Thesis: Dust to Dust (War of the Worlds 1×13)

Could you tell me… how what happened last night happened?

A V.I.L.E. henchman! You must be on the right track!

It is January 23, 1989 (Depending on your viewing area, it may actually be the following Saturday. Big variance in airdates across markets this week). The President of the United States is George Herbert Walker Bush. An earthquake in what’s now Tajikistan kills close to 300 people. The San Francisco ’49ers claim victory in Superbowl XXIII, beating the Bengals. Tomorrow, serial killer Ted Bundy will be executed in Florida.
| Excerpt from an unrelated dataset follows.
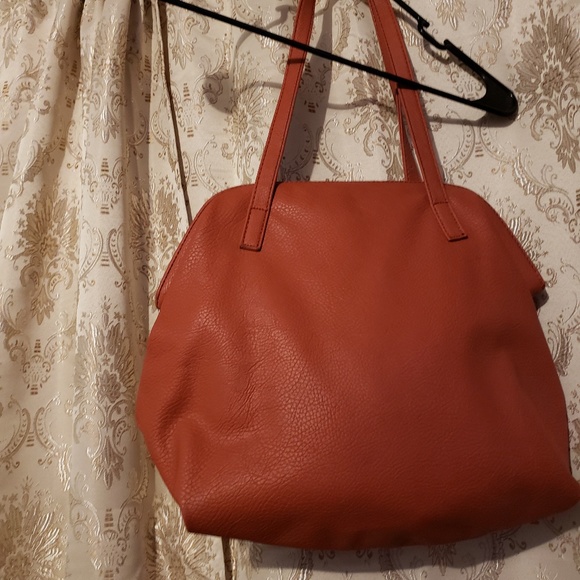 Kenneth Cole reaction - Picture 2 of 4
Wednesday, John Cleese will win a libel case against the Daily Mail after they accused him of being nebulously similar to the character he played in Fawlty Towers. A legal challenge to Jewish identity laws is raised in Israel, which will culminate in the Israeli Supreme Court ruling that Messianic Judaism counts as a form of Christianity, rather than Judaism, for legal purposes. Noted jazz man Billy Tipton and artist Salvador Dali died this week. Also, Friday is my tenth birthday.

James Brown is sentenced to six years in jail after a multi-state police chase. Madonna and Sean Penn file for divorce. Michael Jackson’s Bad tour finishes out its run. Debi Gibson releases Electric Youth, and Skid Row releases a self-titled album. Phil Collins’s “Two Hearts” hits the top of the Billboard Hot 100.

Remember when I brought up Morgan Sheppard last week? Funny thing: he’s in this week’s Star Trek the Next Generation, “The Schizoid Man”, in which he plays a dying scientist who uploads his brain into Data. If your nerdery runs deep enough, you might have anticipated that the part was originally written for Patrick McGoohan. Friday the 13th the Series is a tearjerker: “The Playhouse”, in which a cursed Wendy House takes a couple of abused children to a fantasy world, only, as per usual, there’s human sacrifice involved. Even Friday the 13th shied away from multiple child-murder, though, so the playhouse’s victims are just imprisoned. Belinda Metz guest-stars. I feel like I’ve mentioned her before, but I can’t think why…

This is a tough episode. See, I like mysticism, as a plot point. And I like when a show like this goes mad. And this episode goes mad with mysticism. And it’s got some fantastic special effects, and it’s a great character focus episode for Ironhorse. But therein lies the difficulty, because this episode is War of the Worlds taking a stab at looking into Ironhorse’s Native American heritage, which heretofore has mostly come up only in a very superficial way to give a little flavor to Ironhorse’s characterization. Only it’s 1989 in American Television on a Sci-Fi Adventure show.

So yeah. This week’s episode is Aliens versus Magic Injuns. There’s a lot of good stuff in here, but it’s inexorably bound up in a lot of stuff that’s… Less good. But look, they are really honestly trying here. They didn’t have to. And I am generally pro-trying. I am generally against reacting to a TV show making a genuine effort to present a positive depiction of Native American culture by screaming at them for being terrible at it. No, really, the only thing that’s grating about it is the general sense that, “Yup. Indian* Stuff Is Like That.” *I am not tremendously comfortable with using the word “Indian” to refer to the native peoples of the Americas, not least because that one’s already taken by the people who live on the subcontinent in southern Asia. But it’s the term used exclusively by the show, there’s places here where I think it would be misleading not to reflect their word choice. If War of the Worlds went mad with mysticism all the time, this wouldn’t be such a big deal. Or if War of the Worlds also included depictions of Native American culture that weren’t centered around mystical elements (And admittedly, they have made a few small gestures, such as Ironhorse’s paean to his tomahawk way back in “A Multitude of Idols”). The real wall-banger is that even though it can be explained and justified in the science-fiction context of the show, pretty much everyone just rolls with the idea that, “Oh yeah, Indians have magic powers,” as though it’s not especially remarkable.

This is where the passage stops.